■ **Problem statement**
Set the data below down again, exactly, with every picture left out.

START Provided data

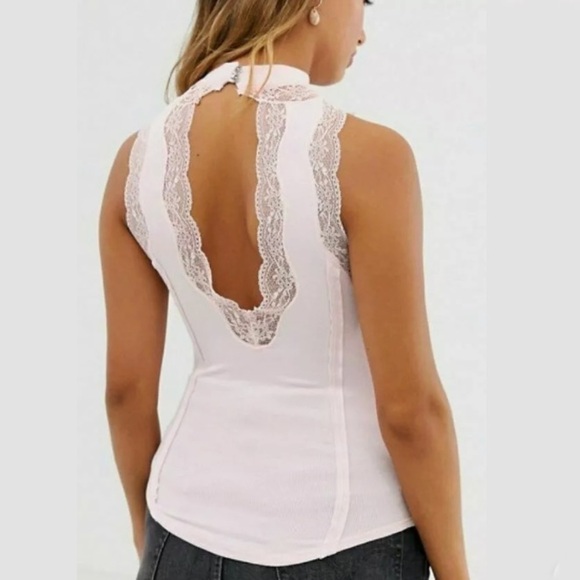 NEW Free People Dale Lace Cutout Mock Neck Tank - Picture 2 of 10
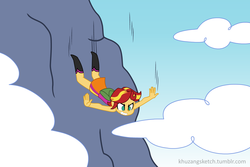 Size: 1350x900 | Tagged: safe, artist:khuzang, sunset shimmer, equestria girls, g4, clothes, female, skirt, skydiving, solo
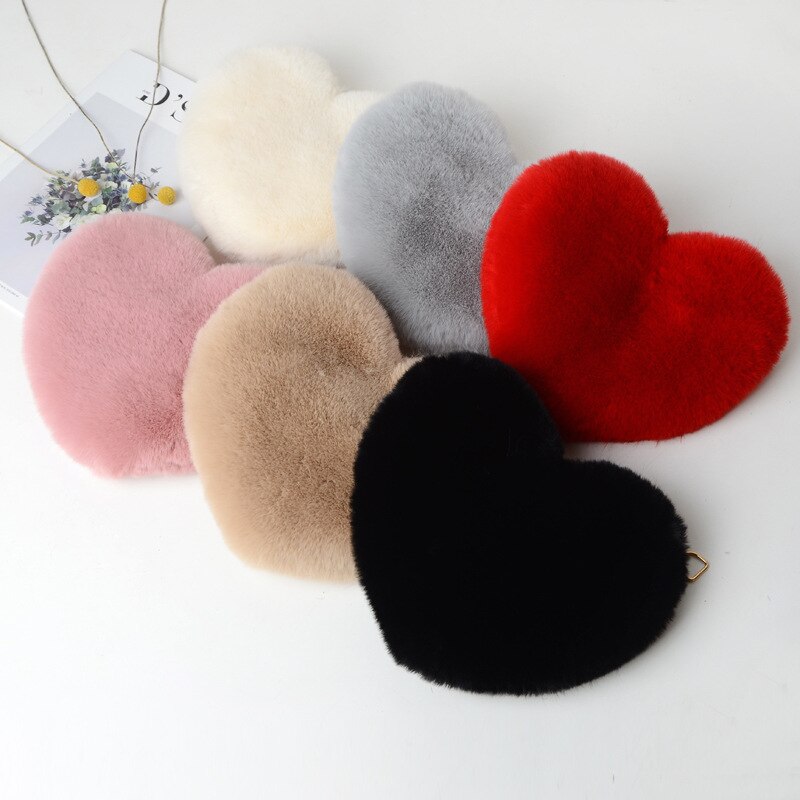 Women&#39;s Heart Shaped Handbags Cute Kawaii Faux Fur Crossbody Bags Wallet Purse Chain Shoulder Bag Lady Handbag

END Provided data

■ **Task response**
 NEW Free People Dale Lace Cutout Mock Neck Tank - Picture 2 of 10
 Size: 1350x900 | Tagged: safe, artist:khuzang, sunset shimmer, equestria girls, g4, clothes, female, skirt, skydiving, solo
 Women&#39;s Heart Shaped Handbags Cute Kawaii Faux Fur Crossbody Bags Wallet Purse Chain Shoulder Bag Lady Handbag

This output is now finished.